### Exercise instructions
Keep only the lines of the listing that include the word "Black", and copy them.

START Material provided

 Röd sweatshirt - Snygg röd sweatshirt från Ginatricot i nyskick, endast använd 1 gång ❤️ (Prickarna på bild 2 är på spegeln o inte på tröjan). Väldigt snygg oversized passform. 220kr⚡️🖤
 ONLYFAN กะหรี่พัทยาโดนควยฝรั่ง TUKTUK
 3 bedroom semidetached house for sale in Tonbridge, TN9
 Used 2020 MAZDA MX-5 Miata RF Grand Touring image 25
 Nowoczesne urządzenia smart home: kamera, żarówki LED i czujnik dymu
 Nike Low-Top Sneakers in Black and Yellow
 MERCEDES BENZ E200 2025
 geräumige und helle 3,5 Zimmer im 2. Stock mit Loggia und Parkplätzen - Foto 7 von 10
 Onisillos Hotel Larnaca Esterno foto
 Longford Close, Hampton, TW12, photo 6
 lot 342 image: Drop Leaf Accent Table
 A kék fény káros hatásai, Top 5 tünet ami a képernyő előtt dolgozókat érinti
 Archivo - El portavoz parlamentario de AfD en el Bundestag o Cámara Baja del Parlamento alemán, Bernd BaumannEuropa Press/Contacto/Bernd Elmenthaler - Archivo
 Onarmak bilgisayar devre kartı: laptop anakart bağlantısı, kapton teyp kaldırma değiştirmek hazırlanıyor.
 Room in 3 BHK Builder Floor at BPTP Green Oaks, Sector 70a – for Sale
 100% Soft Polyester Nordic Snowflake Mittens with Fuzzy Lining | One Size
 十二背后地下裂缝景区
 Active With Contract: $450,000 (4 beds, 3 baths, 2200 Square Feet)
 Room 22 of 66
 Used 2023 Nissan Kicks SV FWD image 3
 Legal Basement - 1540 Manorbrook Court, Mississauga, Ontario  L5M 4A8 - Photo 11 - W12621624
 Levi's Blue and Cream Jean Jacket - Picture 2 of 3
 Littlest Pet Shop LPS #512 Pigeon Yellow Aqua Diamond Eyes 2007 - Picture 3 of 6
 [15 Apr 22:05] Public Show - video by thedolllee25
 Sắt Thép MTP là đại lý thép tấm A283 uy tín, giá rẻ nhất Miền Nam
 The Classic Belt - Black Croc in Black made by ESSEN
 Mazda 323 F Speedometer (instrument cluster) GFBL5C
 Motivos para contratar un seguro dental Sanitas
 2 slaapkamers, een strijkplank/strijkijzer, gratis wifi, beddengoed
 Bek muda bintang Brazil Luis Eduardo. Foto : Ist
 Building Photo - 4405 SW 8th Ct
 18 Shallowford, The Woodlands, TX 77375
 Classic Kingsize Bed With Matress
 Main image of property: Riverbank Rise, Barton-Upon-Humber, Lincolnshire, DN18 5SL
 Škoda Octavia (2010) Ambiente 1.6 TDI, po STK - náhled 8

END Material provided

### Reply to the task
 Nike Low-Top Sneakers in Black and Yellow
 The Classic Belt - Black Croc in Black made by ESSEN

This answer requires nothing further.